The following diagram shows the schedule for our sequential code, with register liveness on the right.
The most common pattern is to call where(0, 1, 2, 0), so
that the result is written to condition.
This allows us to schedule the SFPSTORE
to write the result back to condition, while the next SFPLOAD
executes at the same time.
Note that one of the constraints of SFPLOADMACRO is that
a scheduled SFPSTORE has to write to the address its macro
loaded from, so this is only possible when the output is written to
condition.
We require two macros, followed by a regular SFPLOAD:
SFPLOADMACRO:
load from condition to the L0 register. Also,
schedule two additional instructions:
SFPLOADMACRO:
load from t to L0, and schedule:
SFPENCC.SFPLOAD:
load from f, overwriting the value in L0 in
lanes that are enabled. Also, auto-increment the address counters (which
happens regardless of lane flags).Finally, the SFPSTORE
scheduled in the first step will write the result in L0
back to memory. At this point, the next SFPLOADMACRO call
can be executed, simultaneously with the SFPSTORE.

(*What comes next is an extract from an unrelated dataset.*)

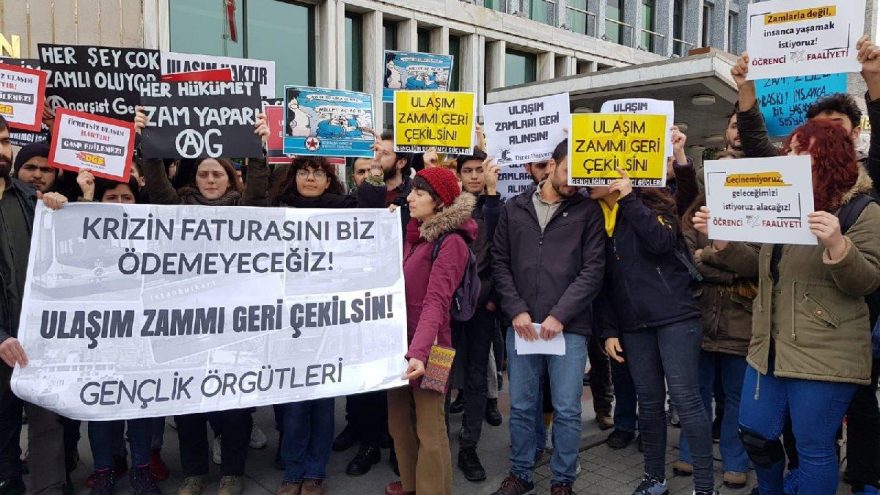 İBB önünde zam protestosu!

The trick here is that it’s safe to schedule an instruction that reads from a register for the same time as an instruction that writes to that register: the read happens at the beginning of the cycle, and the write happens at the end of the cycle.
For example, SFPSETCC L0 L0 reads L0 while
SFPLOAD L0 1 writes to L0 during the same
cycle, as illustrated by the diagram below, with register liveness shown
on the right.
Note also that we require only one register, since the
condition value only needs to live for one cycle.
3 cycles is theoretically optimal for this case, since the operation requires loading from three different memory addresses.
If we are required to write the result to a distinct address,
e.g. where(0, 1, 2, 3), we can no longer use SFPLOADMACRO
to schedule the SFPSTORE,
as it can only write to the address it loaded from.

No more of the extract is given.